Dataset records ::
++++++++

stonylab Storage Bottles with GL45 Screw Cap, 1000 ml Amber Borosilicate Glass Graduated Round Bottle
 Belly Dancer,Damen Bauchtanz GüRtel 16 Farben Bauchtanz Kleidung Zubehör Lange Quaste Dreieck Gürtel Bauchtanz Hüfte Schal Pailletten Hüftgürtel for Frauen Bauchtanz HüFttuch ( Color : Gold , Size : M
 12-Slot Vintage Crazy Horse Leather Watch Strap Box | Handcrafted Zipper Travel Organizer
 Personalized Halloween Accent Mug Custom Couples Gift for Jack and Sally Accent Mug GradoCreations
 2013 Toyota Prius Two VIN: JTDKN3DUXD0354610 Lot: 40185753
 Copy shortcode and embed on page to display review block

++++++++

Only the stretch of lines that begins with the one holding "12-Slot Vintage Crazy" and ends with the last line above belongs in the answer; please write it out exactly.

 12-Slot Vintage Crazy Horse Leather Watch Strap Box | Handcrafted Zipper Travel Organizer
 Personalized Halloween Accent Mug Custom Couples Gift for Jack and Sally Accent Mug GradoCreations
 2013 Toyota Prius Two VIN: JTDKN3DUXD0354610 Lot: 40185753
 Copy shortcode and embed on page to display review block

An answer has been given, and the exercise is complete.